ACTION ITEM: Among the records below, find each line bearing the word "ekiwimovilidad" and copy it.

DATASET:

------------------------------------------------------------------------

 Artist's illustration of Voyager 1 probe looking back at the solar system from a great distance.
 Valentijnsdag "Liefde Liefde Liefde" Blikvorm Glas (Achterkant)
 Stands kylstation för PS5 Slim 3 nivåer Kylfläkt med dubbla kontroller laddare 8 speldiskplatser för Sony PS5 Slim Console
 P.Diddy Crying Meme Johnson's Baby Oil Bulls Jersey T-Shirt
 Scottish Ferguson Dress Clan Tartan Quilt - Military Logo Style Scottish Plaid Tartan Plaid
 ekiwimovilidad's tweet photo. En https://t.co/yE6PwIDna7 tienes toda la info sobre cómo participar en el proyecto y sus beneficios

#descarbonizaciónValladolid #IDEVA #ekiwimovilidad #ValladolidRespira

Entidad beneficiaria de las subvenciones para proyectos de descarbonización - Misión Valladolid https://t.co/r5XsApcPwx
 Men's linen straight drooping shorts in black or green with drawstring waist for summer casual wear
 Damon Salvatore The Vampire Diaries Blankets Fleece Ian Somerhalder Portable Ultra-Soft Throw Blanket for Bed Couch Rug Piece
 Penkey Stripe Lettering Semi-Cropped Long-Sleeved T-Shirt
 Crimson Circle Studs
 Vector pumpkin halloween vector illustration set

------------------------------------------------------------------------

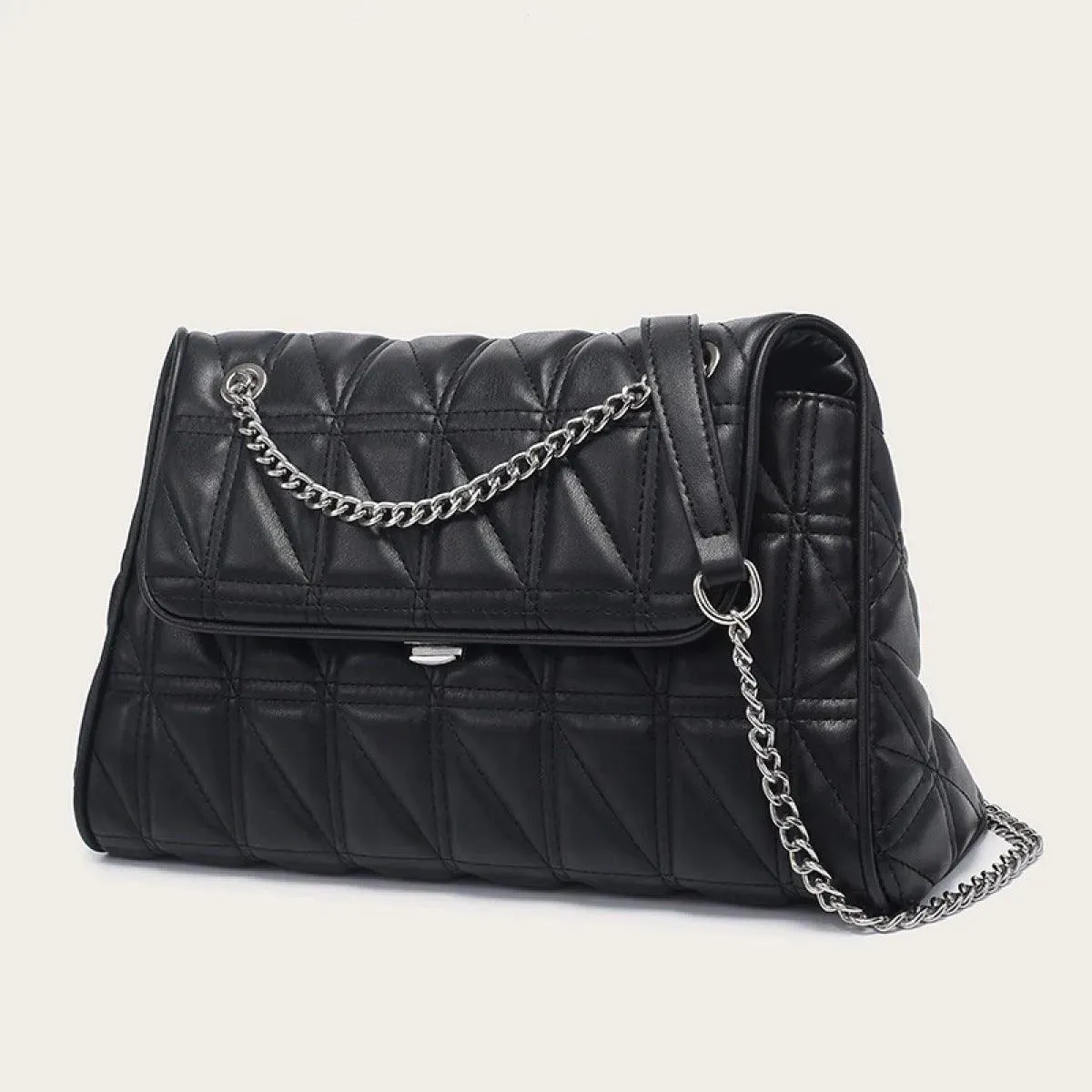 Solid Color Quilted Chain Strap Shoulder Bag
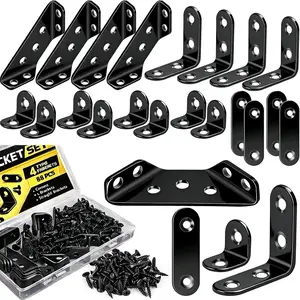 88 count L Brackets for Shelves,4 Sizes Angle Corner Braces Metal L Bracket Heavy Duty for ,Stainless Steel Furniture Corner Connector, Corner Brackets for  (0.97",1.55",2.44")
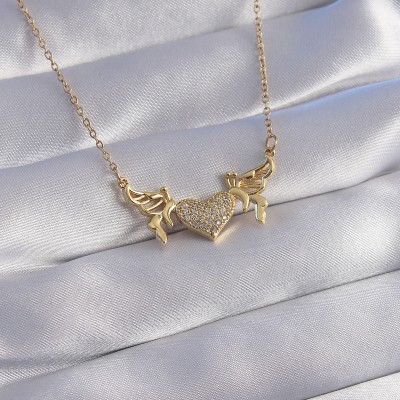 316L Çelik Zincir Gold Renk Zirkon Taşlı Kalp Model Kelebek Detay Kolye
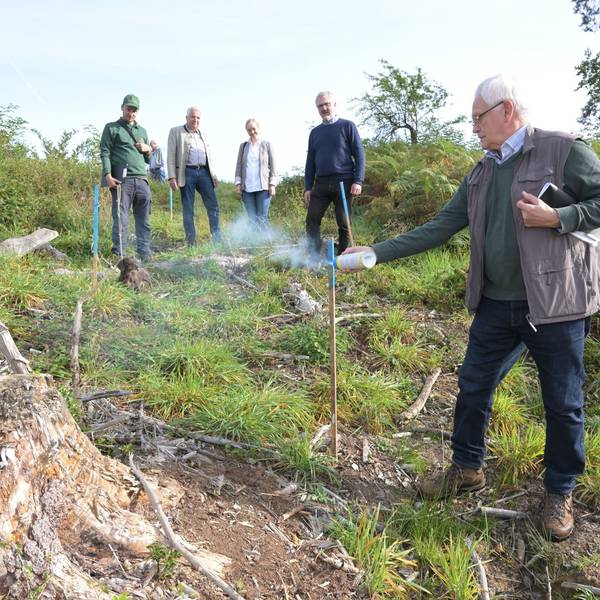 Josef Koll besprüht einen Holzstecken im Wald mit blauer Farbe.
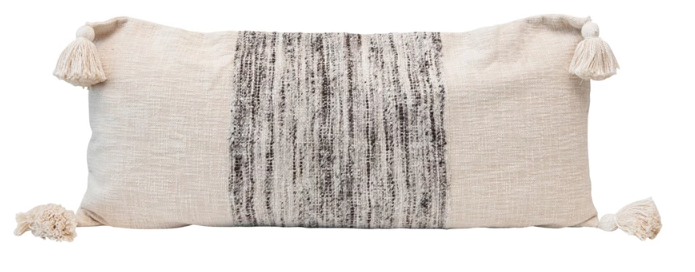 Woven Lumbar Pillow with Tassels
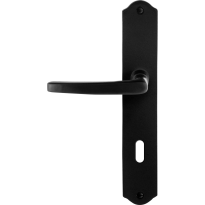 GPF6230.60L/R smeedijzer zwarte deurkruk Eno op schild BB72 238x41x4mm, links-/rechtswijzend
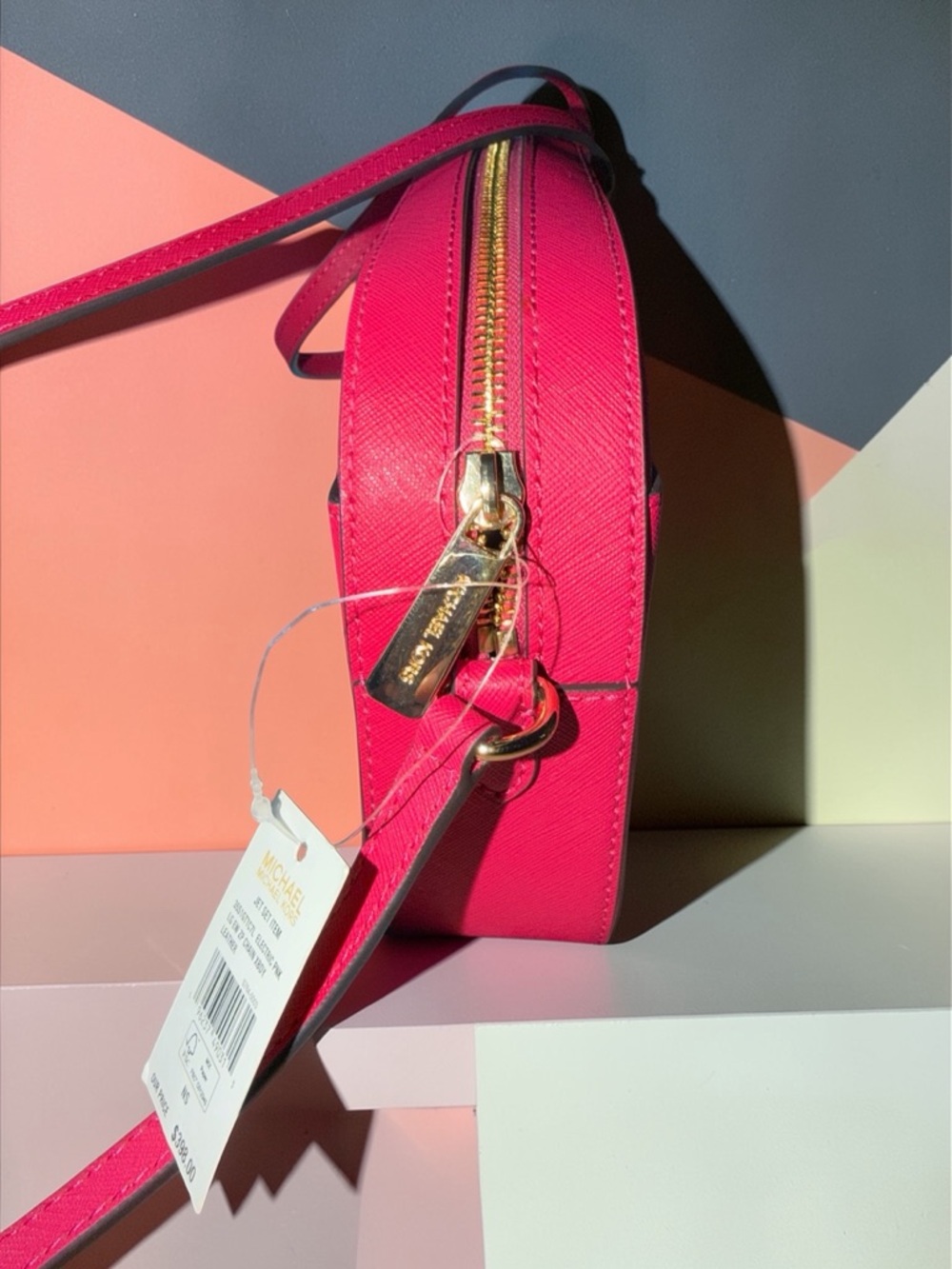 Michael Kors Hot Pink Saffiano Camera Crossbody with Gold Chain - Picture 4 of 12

------------------------------------------------------------------------

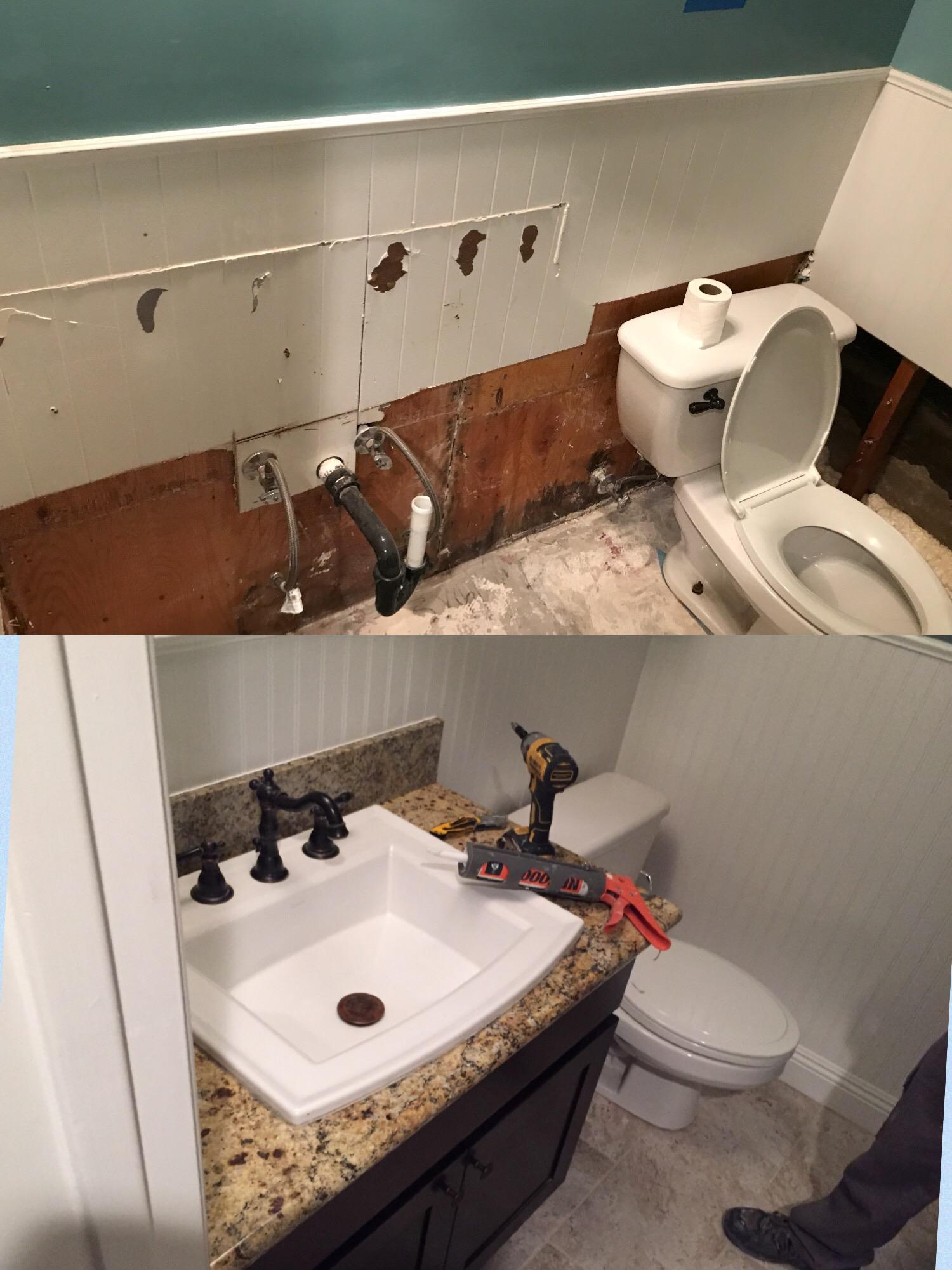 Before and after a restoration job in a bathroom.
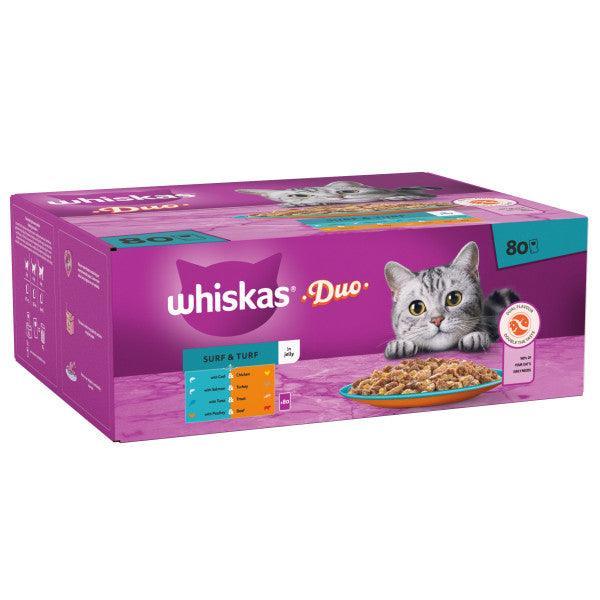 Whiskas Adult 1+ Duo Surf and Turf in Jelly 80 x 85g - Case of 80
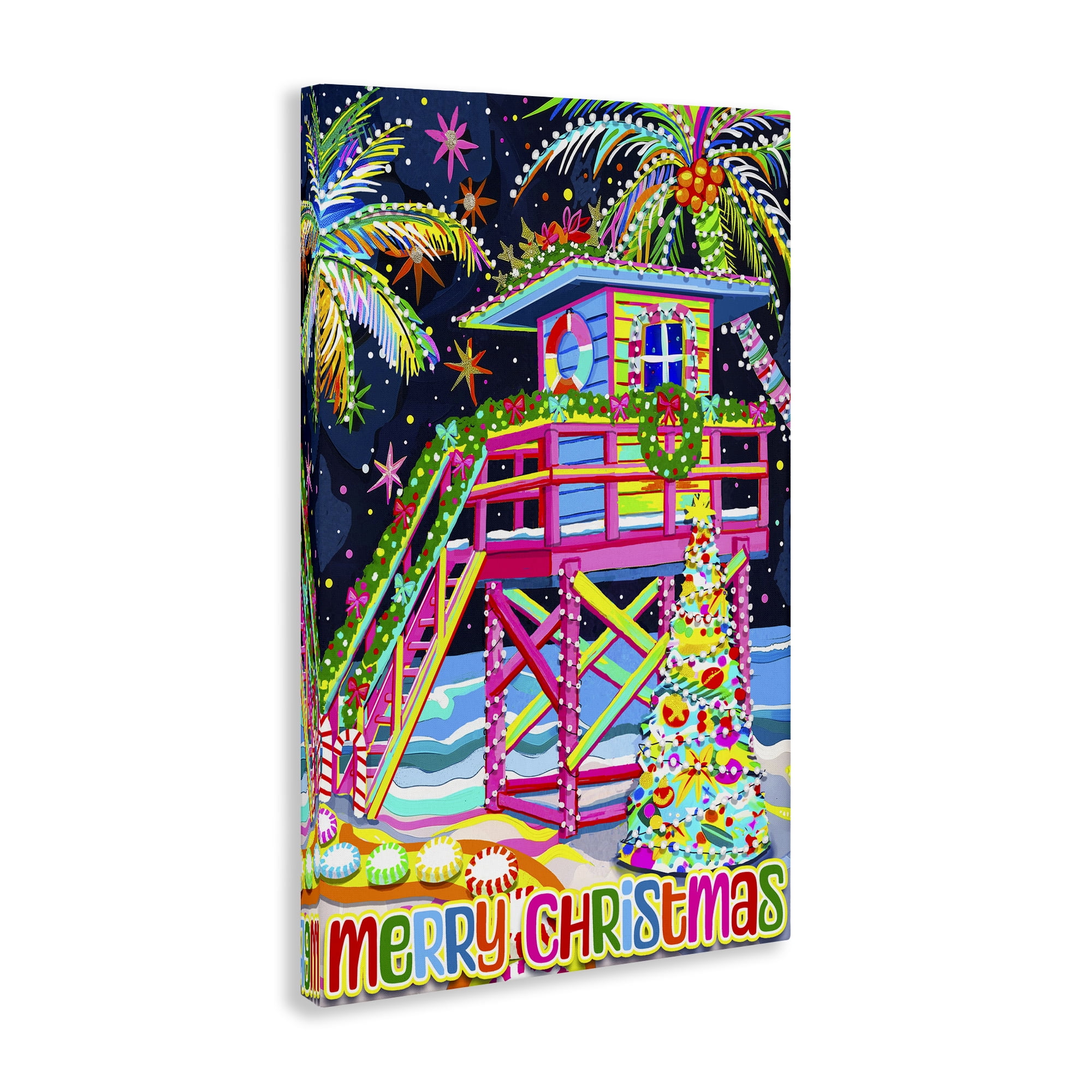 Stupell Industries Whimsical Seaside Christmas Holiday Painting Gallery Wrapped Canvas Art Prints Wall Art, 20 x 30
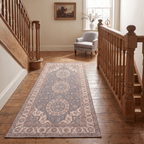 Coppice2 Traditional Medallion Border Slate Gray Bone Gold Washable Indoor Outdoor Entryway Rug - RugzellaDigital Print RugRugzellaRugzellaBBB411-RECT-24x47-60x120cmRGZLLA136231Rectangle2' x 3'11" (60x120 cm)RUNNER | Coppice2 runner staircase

------------------------------------------------------------------------

OUTPUT FOR THIS TASK:
 ekiwimovilidad's tweet photo. En https://t.co/yE6PwIDna7 tienes toda la info sobre cómo participar en el proyecto y sus beneficios
#descarbonizaciónValladolid #IDEVA #ekiwimovilidad #ValladolidRespira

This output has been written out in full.